Because ‘the family that eats together, stays together.’
‘Every person on this planet can relate to wanting to chase bliss.’ Can you?
Last night I watched the movie Bliss (2021). It’s funny how, sometimes, some things that made no sense thus far, suddenly make sense to you in the most unexpected of places.
Before we proceed: spoiler alert. This post is full of spoilers about the movie, though this is not a review. It is an intensely personal experience reflected through the movie.
On the face of it, Bliss seems like a science fiction film. But it isn’t. It is actually a commentary on drug culture and the grip of drugs on the human brain—and an intense, deep reflection on human psychology anywhere in the world. In fact, the film wasn’t even trying to appear like science fiction, because science fiction makes an effort to convince the viewer of the world that it creates. This film, though, was clearly revealing to the viewer the mixed-up nature of its reality, the hazy nature of the ‘created’ world in it. It was giving signals all along, and yet was crafting a new ‘reality’ in a way that was very convincing.
Greg Witter is a man who is already neck-deep in troubled waters, when he meets a woman who claims to be his soulmate, who claims that the world they live in is all fake, including all the people in it (except for the both of them). And from then on, reality becomes difficult to decipher, as he keeps swinging between two ‘worlds’, not knowing which is real.
Close to the end of the movie, when everything is falling apart and descending into chaos, Greg’s grown-up daughter who has been consistently trying to reach out to him, looks at him, and says: ‘One of these days, you’re going to have to choose between these worlds.
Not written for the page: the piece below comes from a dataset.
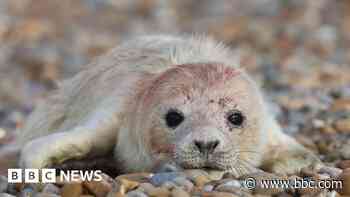 Seal colony thriving 'thanks to secluded site'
And maybe somehow, to you they’re both real. So just… just do what’s best for you, okay?”
Up until that moment, I’d been having flashes of déjà vu throughout the movie. But this was the statement that suddenly brought everything crashing down upon me. ‘One of these days, you’re going to have to choose between these worlds.’
And what if you make the wrong choice?
Watching Greg Witter discover the home he used to sketch over and over, the home he thought existed only in his imagination. Watching him suddenly come face to face with the woman whose face he used to sketch, the woman he thought existed only in his imagination. Watching him discover a new world, one that was incredibly, impossibly picture-perfect. A utopia.
It all landed so heavily on me, reminding me of the time when I had discovered something that I thought could not possibly exist, something that I had always considered a figment of my imagination.
When you find something like that, something that seems to materialize straight from your dreams, out of thin air, then the hold it has upon you is unshakeable. It becomes an addiction.
The movie Bliss is primarily about drug addiction. But addictions can be of various types. There are so many different ways a person can become addicted; so many different things one can be addicted to- particularly the addiction to one’s own dreams. And every addiction produces the same effect.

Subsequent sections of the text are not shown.